Tetapi bukan berarti bahwa kita juga mesti menolak untuk dikritik ataupun membalas
kritikan dengan ancaman. Melainkan dapat menerima kritikan sebagai suatu hal
yang membangun jati diri setiap manusia yang berkarya.
Penulis mengingat jawaban dari salah
seorang Kritikus Sastra dari Makassar (Alm) Ahyar Anwar dalam sebuah diskusi. Ia
melontarkan pernyataan “tugas anda sebagai penulis adalah menghasilkan karya
sastra, sedangkan tugas kritikus untuk mengkrtik karya sastra.” Dua hal berbeda
yang saling berhubungan erat.
Karya yang telah dikritik seharusnya
menjadi pelajaran terhadap karya itu sendiri, bukan terhadap penulisnya. Lantas
jika bukan penulisnya, bagaimana kritik itu hidup? kritik itu hidup karena
dituliskan, bukan karena dipertentangkan.
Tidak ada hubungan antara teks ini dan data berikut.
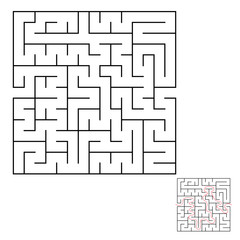 Abstract square labyrinth with a black stroke. An interesting game for children and adults. Simple flat vector illustration isolated on white background. With the answer.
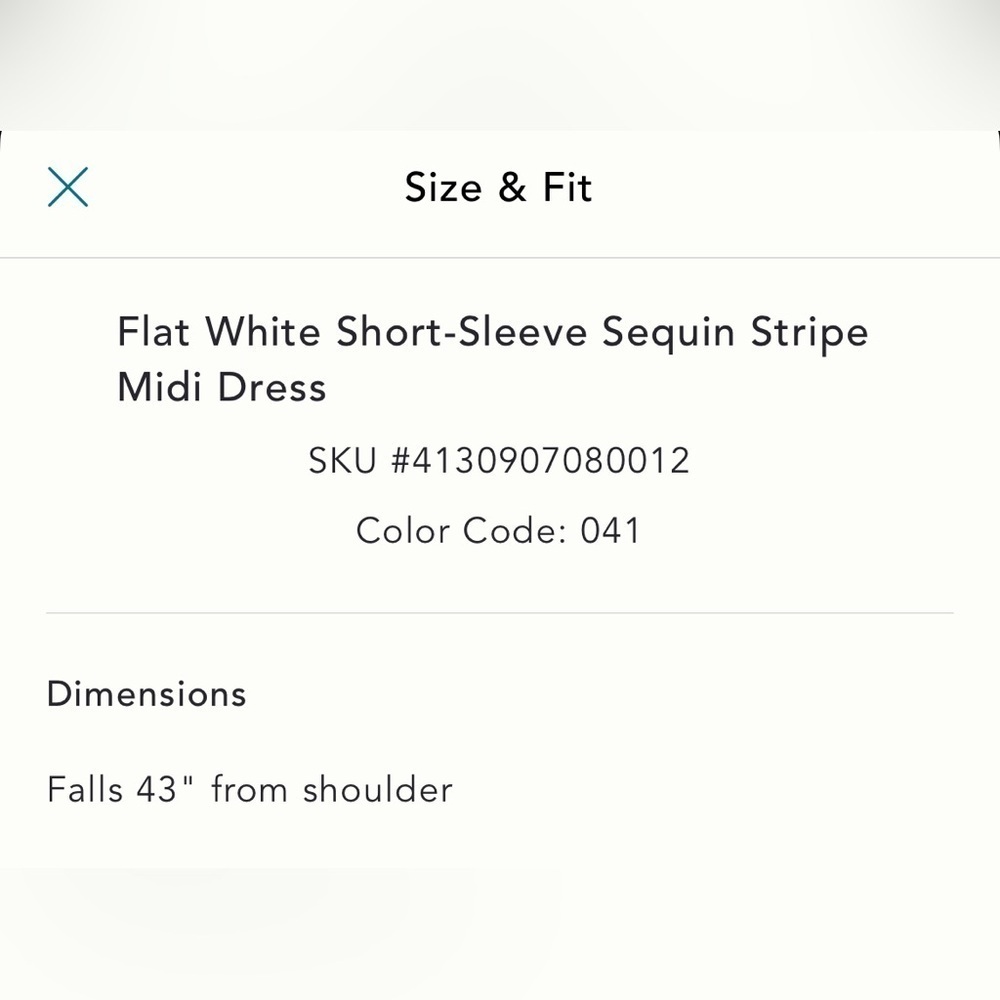 NWT new small Anthropologie flat white short sleeve sequin stripe midi dress - Picture 7 of 17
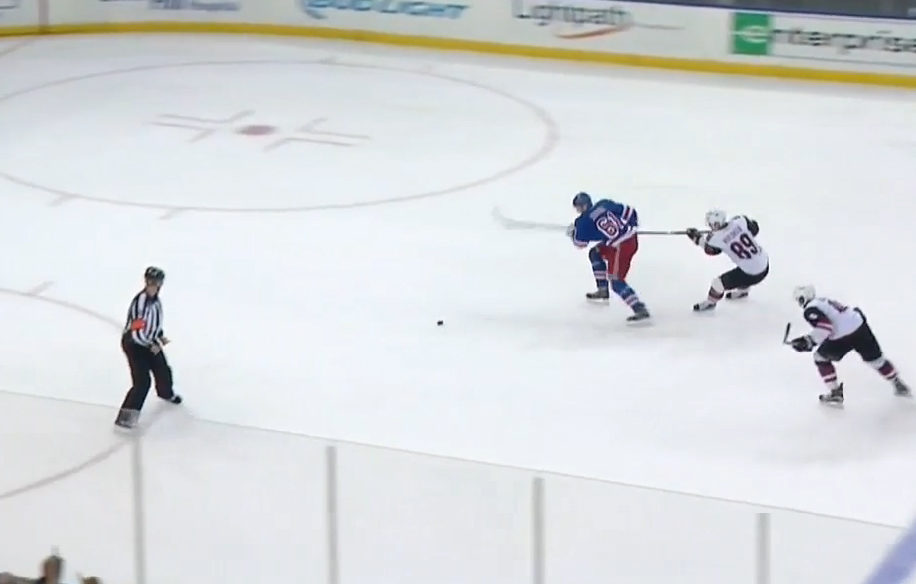 916x584 Rangers' Nash Awarded Goal After Empty Net Penalty - Hockey Net Drawing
Dalam uraian singkat, seorang penulis
yang karyanya dikritik tetaplah terus menghasilkan karya sastra. Penulis itu
sendirilah yang bisa memlih, apakah kritik itu diterima atau memilih menyimpannya
sebagai hal yang tidak penting selama proses berkaryanya. Itu manusiawi bagi
seorang yang dikritik dan bukan masalah yang mesti kita bawa kemana-mana.
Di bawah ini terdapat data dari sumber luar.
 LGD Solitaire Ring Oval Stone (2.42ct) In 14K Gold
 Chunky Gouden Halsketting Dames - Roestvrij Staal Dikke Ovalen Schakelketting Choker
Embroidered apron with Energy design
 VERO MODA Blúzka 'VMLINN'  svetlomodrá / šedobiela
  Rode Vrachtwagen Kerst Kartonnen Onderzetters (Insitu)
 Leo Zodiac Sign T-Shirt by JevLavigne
Dalam melihat sebuah masalah, Emanuel Kant
berpendapat bahwa untuk mencapai kebenaran kita perlu mengkritisi Rasionalisme
dan Empirisme serta tidak boleh mementingkan satu sisi dari dua unsur (akal dan
pengalaman) saja. Menonjolkan satu unsur dengan mengabaikan yang lain hanya
akan menghasilkan sesuatu yang berat sebelah. Kant jelas-jelas menolak cara
berfikir seperti ini. Karena itu, ia menawarkan sebuah konsep “Filsafat
Kritisisme” yang merupakan sintesis dari rasionalisme dan empirisme. Ada benarnya,
sebab secara harfiah kata kritik memang berarti pemisahan, bukan pembeda.
***
Sikap anti kritik dan membela “karena
teman” inilah yang kemudian menjadi persoalan telak. Ditambah sikap segelintir
orang yang senang mempertautkan dirinya pada permasalahan yang orang lain
hadapi, lalu memberikan komentar yang malah semakin mempersulit posisi masalah
tersebut. Keganjilan inilah yang sepatutunya kita kaji sebagai pokok persoalan.
Alangkah konyolnya ketika sebuah
kritikan dibalas dengan ancaman. Meski jauh lebih konyol ketika kita membiarkan
ancaman itu hidup seperti sebuah dogma yang amat suci, bahkan kita sendiri tidak
bisa meredamnya. Menanam dendam sama halnya memupuk rerumputan di halaman rumah
yang nantinya akan menjalar lalu menjerat rumah kita sendiri. Berpisah bukan
berarti berbeda, dikritik bukan berarti dibenci.